Why 'Small Sample Size' is Wrong

Philadelphia Eagles quarterback Sam Bradford drops back to pass during the first half of an NFL football game against the Gre
Philadelphia Eagles quarterback Sam Bradford drops back to pass during the first half of an NFL football game against the Green Bay Packers Saturday, Aug. 29, 2015, in Green Bay, Wis. (AP Photo/Matt Ludtke)

Don't run from this title: it will help you win some arguments.

I spend a lot of time in Philadelphia, which, along with Boston and New York, is tops in terms of sports mania and knowledge.
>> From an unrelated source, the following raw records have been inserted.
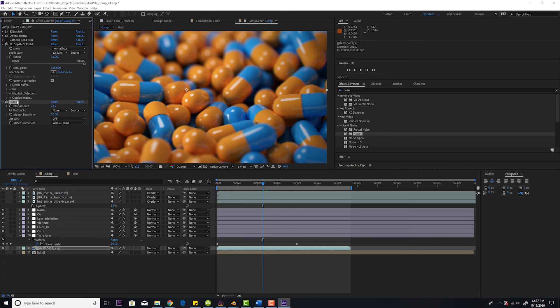And that will help you achieve photorealism because those are all effects real cameras have that 3D images don't have. So you definitely want to add those to have the most photorealistic result.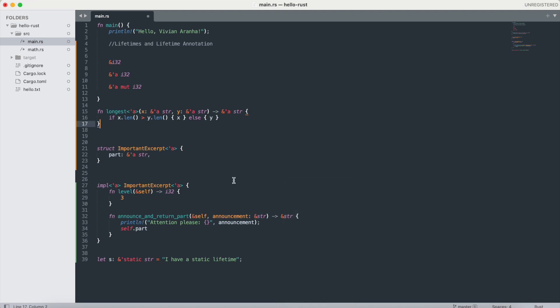While the compiler can infer lifetimes in many cases thanks to the lifetime elision rules, understanding how to manually annotate lifetimes is crucial for working with complex scenarios where the compiler needs your guidance. If you have any questions on this, please leave comments and I'll get back to you as soon as possible. Thank you.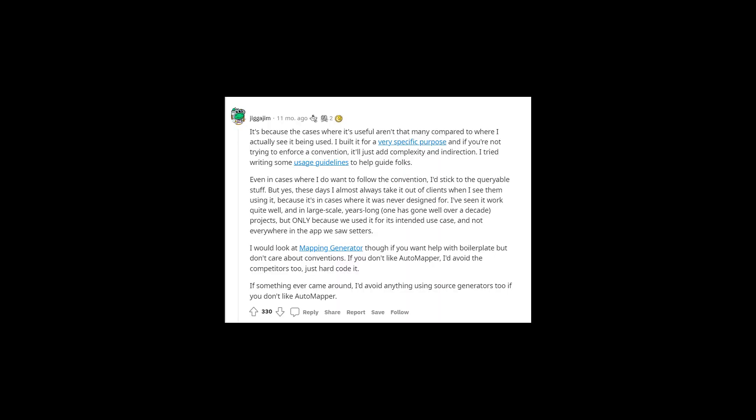Don't use AutoMapper. Seriously, just don't. It's not only me who's saying this — even Jimmy Bogard, the AutoMapper creator, says this here, here, and even here.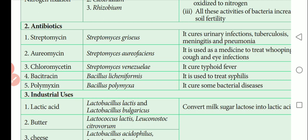Next antibiotic is Chloromycetin, obtained from Streptomyces venezuelae. It is used to cure typhoid fever. Next is Bacitracin, obtained from Bacillus licheniformis, which is used to treat syphilis — a type of sexually transmitted disease.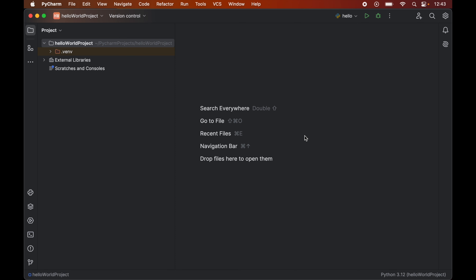In this video you will learn how to install the Selenium library for a Python project in PyCharm IDE. First of all, we will open the Python project in PyCharm for which we want to install the Selenium library. For me, I want to install it in this Hello World project.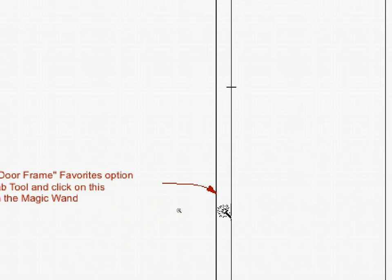The cursor's shape changes to a Magic Wand, indicating that ARCHICAD will automatically trace the contours of the clicked element. Click with the mouse.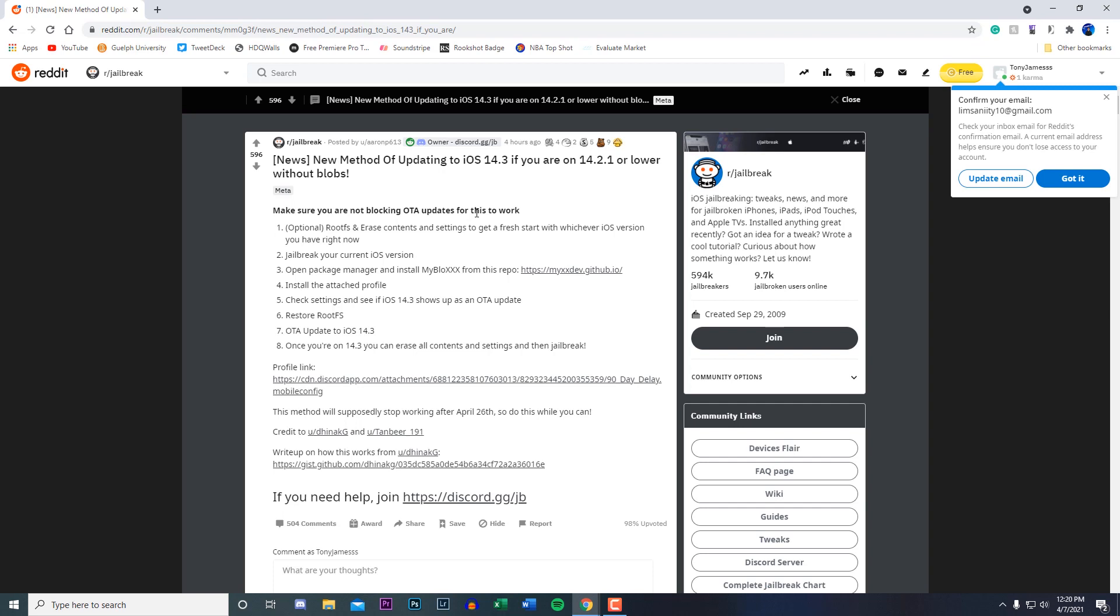First off, make sure you're not blocking OTA updates for this to work, because some of you guys may know a lot of people download these profiles where it blocks the updates. You obviously want to make sure that you don't have any of that enabled.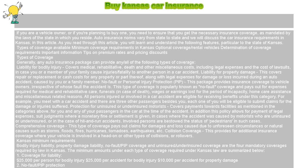So there you have it — all you ever needed to know about buying car insurance in Kansas. If you need additional information, you can always browse online for the necessary information.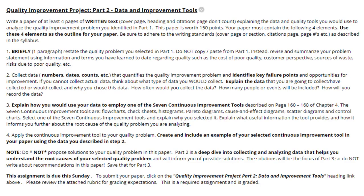Finally, we have the Quality Improvement Project, Part 2, Data and Improvement Tools. Obviously, this is not a new assignment — you should have begun working on this during Week 3. This is where you can actually submit the assignment, which is due by 11:59 p.m. this coming Sunday.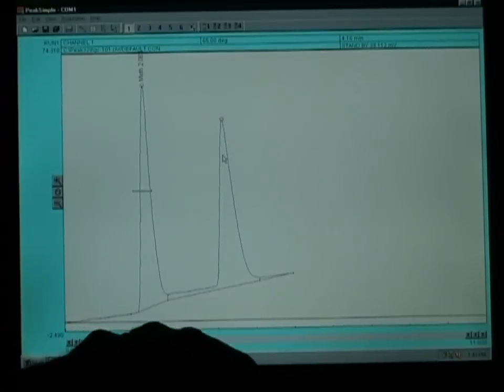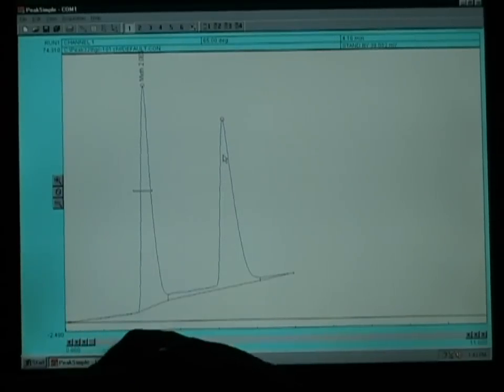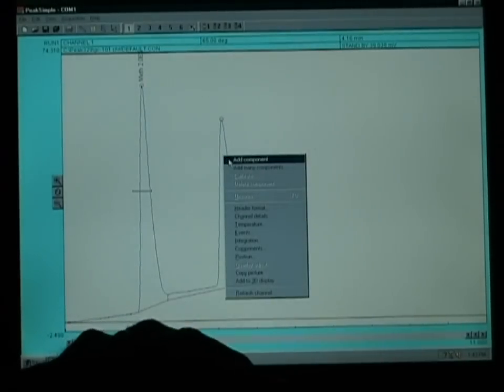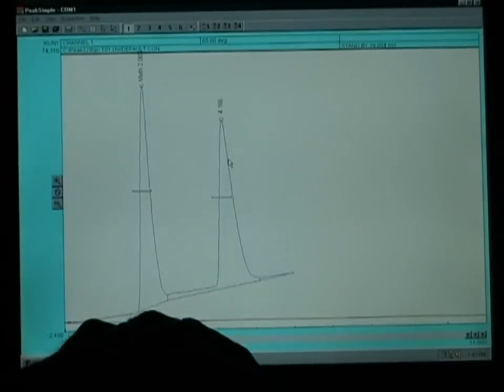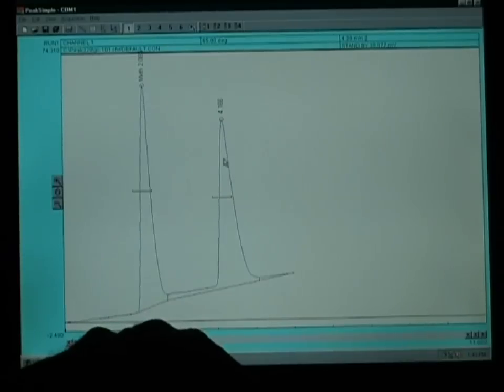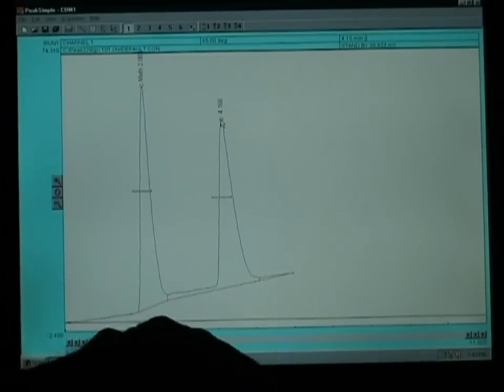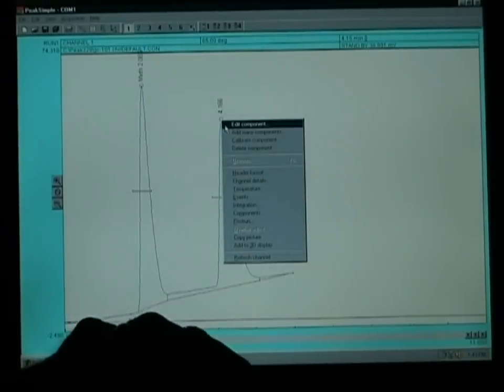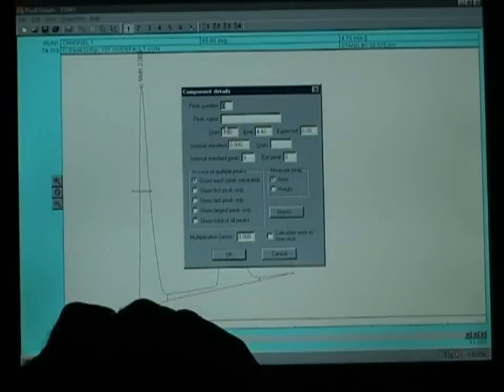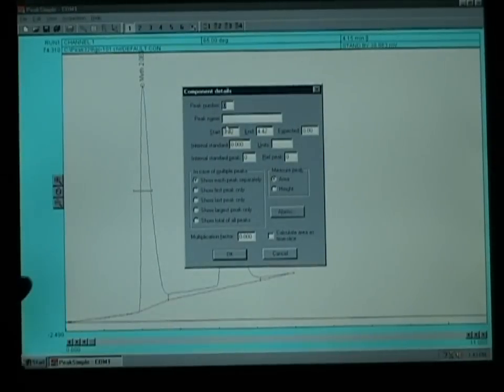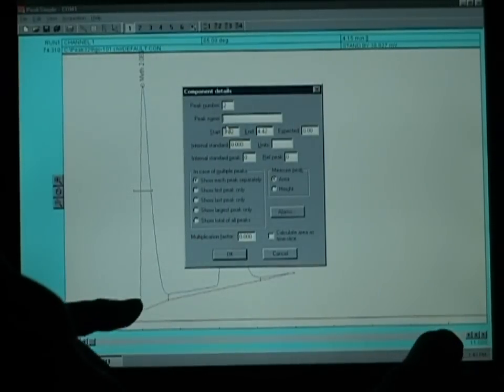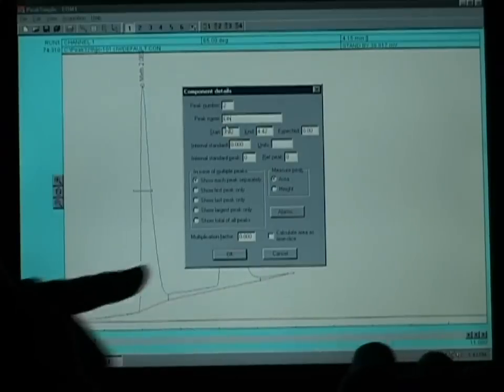If we want to calibrate, we can input a unit as percent or parts per million. Then we repeat with all the components, right click, left click Add Components, right click, left click Edit Components and Component 2 is Ethanol.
Philly fans may throw snowballs at Santa Claus, and they may boo their draft picks, but their passion is overwhelmingly backed by almost scholarly levels of scrutiny of their teams.

So let's take a look at what they are being told.

Philly boasts two of the highest-quality sports radio stations in America: venerable WIP and upstart WPEN. Between them they bring to the microphone an astonishing number of nationally recognizable sports commentators, led by Sal Paolantonio, Brian Baldinger, my favorites Mike Missanelli and Cuz, and an army of former players.

Lately, however, I've been hearing one phrase abused repeatedly, and it's worth a moment's reflection to consider its true meaning.

That phrase is "small sample size."

I hear this phrase in every broadcast, every hour, before every hard stop for a commercial break.

Generally, it's invoked to caution listeners who forecast future outcomes from a really small set of data. This could be a rookie's first appearances, the initial performance of an athlete returning from an injury, or a high-profile acquisition's performance in a small number of games.

These beloved sports commentators tell listeners, again and again, that small sample sizes lead to hasty, foolish judgments. Are they right? No.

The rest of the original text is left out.